Consider sheaves $F,G$ of abelian groups on a topological space $X$. Fix some $f^0\colon F\to G$.
Given chain map between injective resolutions $0\to F\to I^*$, $0\to G\to J^*$, denoted by $f^0\colon F\to G,f^i\colon I^i\to J^i $.(Chain map says $f\circ d=d\circ f$)
Taking global section gives us uniquely determined maps $h^i\colon H^i(X,F)\to H^i(X,G)$.
My question is, if the resolutions $I^*,J^*$were only acyclic or flasque or soft(not necessarily injective), does the operation of taking global section and cohomology induce the same $h^i$?

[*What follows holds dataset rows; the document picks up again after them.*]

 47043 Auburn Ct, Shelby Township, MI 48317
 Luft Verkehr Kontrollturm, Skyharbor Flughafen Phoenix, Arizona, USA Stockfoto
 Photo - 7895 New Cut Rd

[The question arise when I tried to understand the proof of Lefschetz (1,1) in Huybrechts's "Complex geometry" p132 Lemma 3.3, which claims that
for $0\to \mathbf{C}\to A_{\mathbf{C}}^i(X)$ and $0\to \mathcal{O}_X\to A_{\mathbf{C}}^{0,i}(X)$, the differentials being $d,\bar{\partial}$, the $f^0$ being injection, $f^i$ being projection onto $(0,i)$ part,
"the chain map induces same $h^i\colon H^i(X,\mathbf{C})\to H^i(X,\mathcal{O}_X)$ induced by sheaf inclusion $\mathbf{C}\to \mathcal{O}_X$"]

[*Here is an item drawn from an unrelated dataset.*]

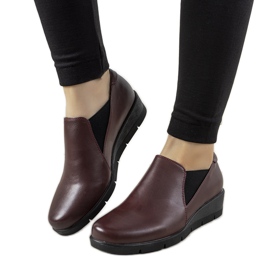 Zapatos brogue burdeos en la cuña Salas rojo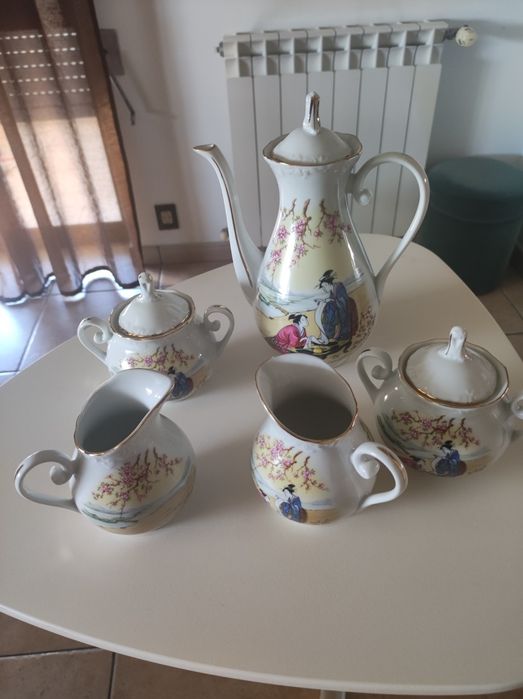 Serviço de chá e café em porcelana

Yes this is true. I quickly recall how you show that the derived functor can be computed by choice of acyclic resolutions, because the explicit description of this isomorphism is important. Suppose you have any effecable $\delta$-functor ${\mathscr T}^{\ast}$ in non-negative degrees (e.g. the right derived functors of a left exact functor defined by injective resolutions), and $0\to X\to F^{\ast}$ is a resolution of some $X$ by a complex of $\mathscr{T}^{\ast}$-acyclic objects. Further, denote $$(\dagger^n):\qquad 0\to \text{Z}^n F\to F^n\to\text{Z}^{n+1}F\to 0$$ the short exact sequences induced from $F$ (with $\text{Z}^0 := X$). Then, for any $n\geq 0$, you get isomorphisms $$(\ddagger)\qquad{\mathscr T}^n X = {\mathscr T}^n (\text{Z}^0{\mathscr F})\cong{\mathscr T}^{n-1}(\text{Z}^1 F)\cong\ldots\cong{\mathscr T}^1(\text{Z}^{n-1} F)\\\ \quad\quad\ \ \ \ \, \ \ \ \ \ \cong\text{coker}\left({\mathscr T}^0 F^n\to {\mathscr T}^0\text{Z}^n F^n\right)\cong\text{H}^n({\mathscr T}^0F^{\ast}).$$ where the isomorphisms are the connecting morphisms for ${\mathscr T}$ induced by the exact sequences $(\dagger^n)$.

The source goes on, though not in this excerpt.